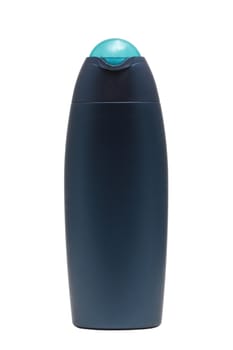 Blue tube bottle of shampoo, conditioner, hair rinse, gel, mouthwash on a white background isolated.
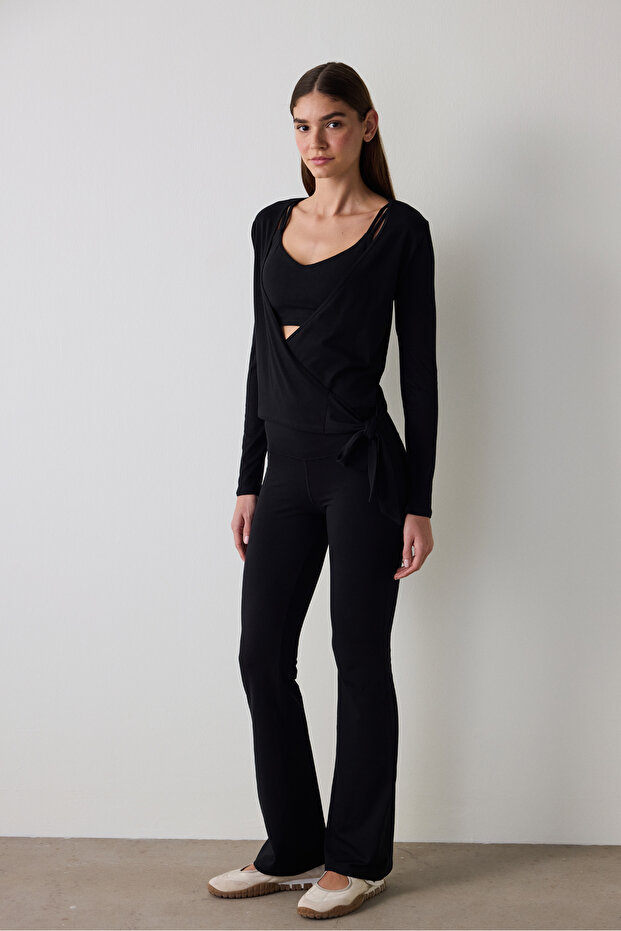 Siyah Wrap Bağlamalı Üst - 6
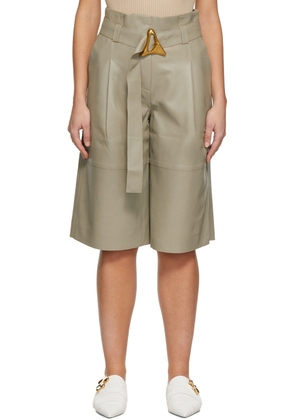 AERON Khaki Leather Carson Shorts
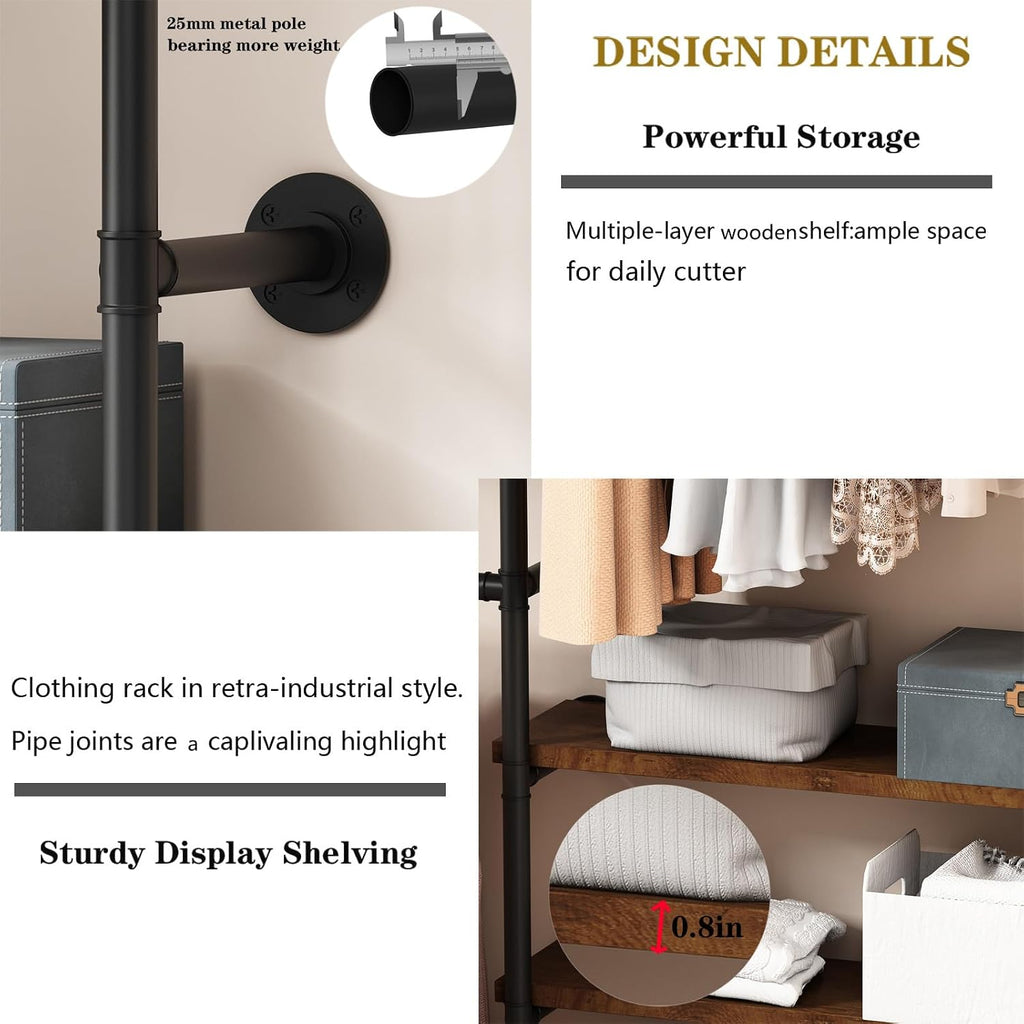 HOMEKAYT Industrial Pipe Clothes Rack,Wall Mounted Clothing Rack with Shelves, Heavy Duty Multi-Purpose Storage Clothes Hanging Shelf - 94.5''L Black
-*-*-
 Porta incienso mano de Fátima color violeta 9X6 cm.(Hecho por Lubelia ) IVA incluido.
-*-*-
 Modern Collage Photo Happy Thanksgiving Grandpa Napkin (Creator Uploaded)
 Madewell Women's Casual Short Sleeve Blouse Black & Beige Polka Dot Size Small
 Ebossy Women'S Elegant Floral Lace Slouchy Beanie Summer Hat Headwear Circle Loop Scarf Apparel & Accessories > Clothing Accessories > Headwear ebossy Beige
-*-*-
● **WORK INSTRUCTION**:
The expected result is every line from the material above that includes "Beige".

● **TASK RESPONSE**:
 Madewell Women's Casual Short Sleeve Blouse Black & Beige Polka Dot Size Small
 Ebossy Women'S Elegant Floral Lace Slouchy Beanie Summer Hat Headwear Circle Loop Scarf Apparel & Accessories > Clothing Accessories > Headwear ebossy Beige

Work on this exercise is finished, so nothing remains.